In the early 1970s, Luckman designed what was then called the First Interstate Bank headquarters on 6th Street in downtown Los Angeles, then the city’s tallest building at 62 stories. In 1988, he listened on his car radio to reports of the building in flames, praying that nobody took the elevator, which could be fatal. One person did, and died.


Luckman’s other Los Angeles buildings include the Broadway (now Macy’s) Plaza, incorporating an office high-rise, a hotel and shopping and dining complexes on 7th Street downtown.

He also designed--and largely funded--the Charles and Harriet Luckman Building for the Los Angeles Child Guidance Clinic in South-Central Los Angeles and the Charles and Harriet Luckman Fine Arts Complex at Cal State L.A. in East Los Angeles.

“I felt there has been so much emphasis on the business and down-to-earth approach to life that it was time to take a deep breath collectively and remember what we established in this country was a culture,” Luckman said when he donated $2.1 million for the theater and art gallery complex.

Dedicated to education, Luckman served from 1960 to 1982 on the Cal State Board of Trustees and was twice elected chairman. He and his wife also funded the Harriet and Charles Luckman Distinguished Teaching Awards at UCLA.

Luckman served on the Educational Commission of the Fifty States and on boards of Adelphi, Northwestern, Pepperdine and Loyola universities and Caltech. He was also board chairman of the Brain Research Institute of UCLA and president of the Los Angeles Ballet, as well as board member of more than 60 civic and charitable organizations.
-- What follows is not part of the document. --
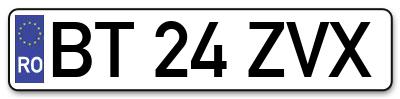 Placuta inmatriculare numar auto  BT-24-ZVX, BT 24 ZVX, BT24ZVX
More than 50 years after Luckman’s graduation and 35 years after he started practicing architecture, the University of Illinois School of Architecture granted him its Illinois Medal in Architecture “in recognition of a lifetime of outstanding achievement and service to the profession of architecture.”


Survivors include his wife, Harriet, and three sons, Charles Jr., James and Stephen; eight grandchildren; and six great-grandchildren.

The family said services will be private and asked that any memorial donations be made to one of four organizations: the Los Angeles Child Guidance Clinic, 3787 S. Vermont Ave., Los Angeles 90007; the MUSES of the Museum of Science and Industry, Exposition Park, Los Angeles 90037; Los Angeles Founder Chapter, ARCS Foundation Inc., 1801 Avenue of the Stars, Gateway West Suite 708, Los Angeles 90067; or the Los Angeles Orphanage Guild, Maryvale, 7600 E. Graves Ave., Rosemead, CA 91770.